In Parts I and II, the concept of qualified immunity was discussed, as was the origin of the doctrine. Also noted was the fact that those who wished to remove this “good faith” protection for police officers in the legislative and judicial branches of government were making no efforts to eliminate the immunity that they enjoyed.
Qualified Immunity for law enforcement officers applies currently if the officer acting commits an act not known to be a violation at the time it was committed. For some, it is difficult to imagine a scenario where an act would not known to be wrong at the time it was committed. In order to clarify, I would point to an example from the movies that might make it clearer.
In the 1980 Samuel L. Fuller film “The Big Red One’, the opening scenes take the viewer to the end of the First World War. American doughboy Lee Marvin is seen killing a German who is trying to tell him “Die Krieg ist vorbei”, and then later learns that at the time he dispatched the Hun with his trench knife, the armistice had been in effect for three hours, and he had taken his former enemy’s life after the war was over.
Viewing the fictional act in its most critical light, Marvin’s sergeant character had committed a murder and should have been court martialed for his war crime and held to account for actions. Given the circumstances as portrayed, though, operating under the good faith assumption that he was at war and his victim was an enemy combatant and therefore a threat, the commanding officer conferred this qualified immunity to his subordinate soldier, and is not portrayed burdening the post-war effort with the distraction of unnecessary litigation.
Of course, the family of the dead German soldier would likely derive no comfort from the assertion that their relative was killed by a former enemy that did not know the war was over, and received no opportunity for justice for their aggrieved family member.
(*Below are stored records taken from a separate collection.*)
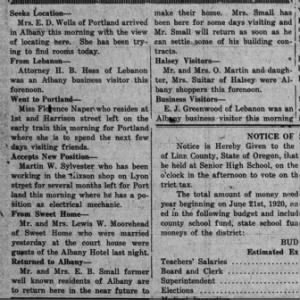 1919-11-6 Elbert & Emma to return to Albany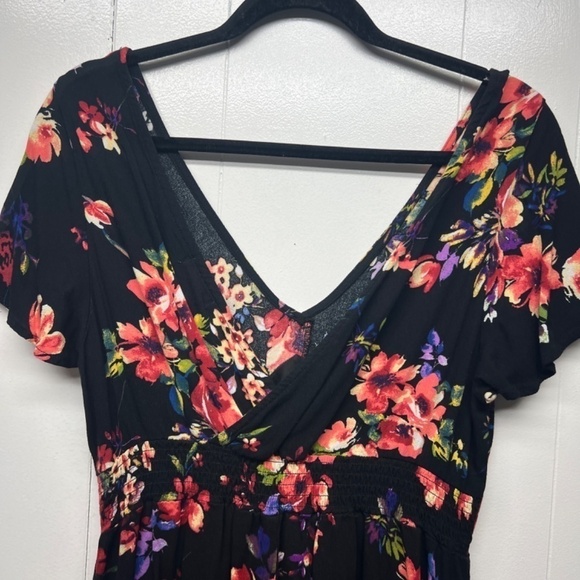 Xhilaration High Waisted Floral V-Neck Short Sleeve Dress Juniors Large Pullover - Picture 8 of 12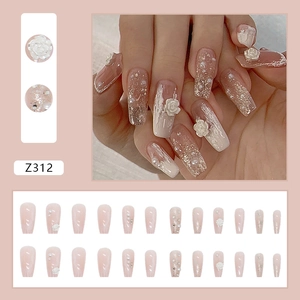 Rosa Ombré-Kunstnägel mit 3D-Blumen, Perlen und Glitzer, 24-teiliges Set für Frauen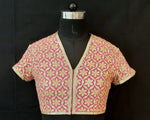Load image into Gallery viewer, Dupion Silk Kashmiri Jaal Dori / Pearl Embroidery Pink Blouse
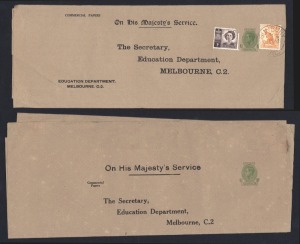 PRINTED-TO-ORDER: 1942 (BW:WS25) 1½d green KGVI Sideface, a Used example (uprated 1½d) and an Unused example, (2) both for the Education Department, Melbourne. Rare. Cat.$600.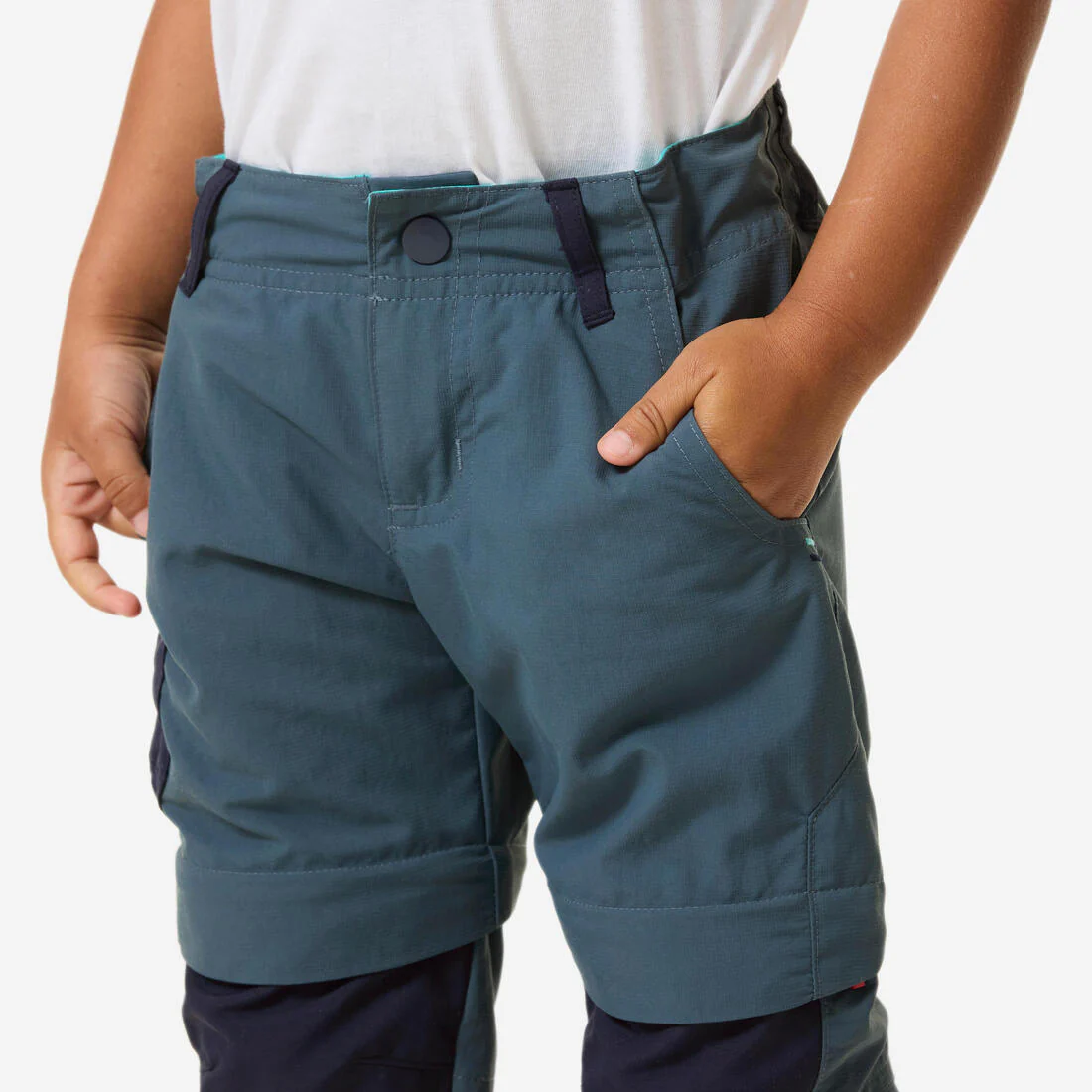 Pantalón de senderismo convertible gris y azul para niños de 2 a 6 años MH500 - Image 7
As avoiding the conditions that were thrust upon Germany a century ago following their loss in the First World War are in the interests of all who wish to avoid a repetition of what followed, it must be asked what purpose is served by denying access to court for the redress of grievances.
It is important to note that while a desire for justice may be infinite, courtrooms, judges and juries are all finite resources on a longer list of other finite resources. Trials are resource-draining activities, and the courts husband their resources by dismissing those that are legally defective and otherwise unlikely to succeed on their merits. Amongst the tools that were developed is the doctrine of qualified immunity, as was discussed in Part I.
Law enforcement activities are also finite resources, and the time officers spend defending themselves in frivolous litigation is time not available for other activities, such as responding to complaints or arresting offenders. Qualified Immunity does not protect actions where officers are engaging in activities that they know are wrong (e.g. seizing or arresting without probable cause), but it does protect them as individuals when they believe they are right but turn out to be wrong.
As an example, I participated in a large scale multi-agency operation nearly 20 years ago where numerous search warrants were executed at several homes more or less simultaneously as part of a drug distribution conspiracy investigation that had involved several telephone surveillances (also know as “wires”). After months of meticulous documentation and painstaking surveillance, the tactical teams assembled to make entry at some locations were not as heavily involved earlier in the investigation. At the moment of execution, one team went to the wrong house, and broke down the door of an elderly couple who were reportedly watching the Stations of the Cross on the Eternal World Television Network, rather than the stash house of a cocaine distribution network.
It is important for law enforcement agencies to understand their obligations under such circumstances, and the agency involved was appropriately responsive to the wrongs they had wrought. They showed up, apologized to the homeowners affected, fixed their door, and took responsibility for their mistake in the press. The story quickly faded in the news as a result, but more importantly, the agency made every effort to make whole those who suffered as a result of their mistake, and litigation was not necessary for redress. They also amended their tactics to ensure future repetition.
Still, it is important to understand that had a lawsuit been filed, that qualified immunity would not relieve the department of its responsibility for its official wrong, but it could be used to prevent the individual officers who participated in their personal capacity from being found liable for the damages. In other words, the officer who broke down the door to make entry and did not realize he was at East Main Street instead of West Main Street would not be forced to pay for the broken door out of his own pocket, but his agency, who had the obligation to know, does not lose their liability for the acts committed on their behalf.
To use the earlier example, had Lee Marvin’s character known the war was over when he killed the German, he would be personally liable for the damages he had wrought. As he was acting under the belief that his actions were proper, he was not personally responsible, but the Army and the government of the United States were not off the hook should damages be sought.
Currently, many states have recreational marijuana laws, and there is legislation not yet approved that would remove the drug from Schedule I by the federal government. As some states consider repealing the laws criminalizing marijuana use, they are adding legislation that would expunge the prior convictions of all of those previously found in violation of the statutes prohibiting its use, possession, cultivation and distribution.
Whether or not one agrees that this is the correct approach to marijuana or drug use and abuse, another implication of such a movement needs to be considered. Where such legislation is passed, does it open up every previously valid marijuana arrest to be considered a civil rights violation, where the officer who made such an arrest within whatever statute of limitations may be applicable can now be sued personally because they should have known that this law would eventually be invalidated and later lead to the case being terminated in favor of the accused?
We will explore that and other implications and remedies in future parts.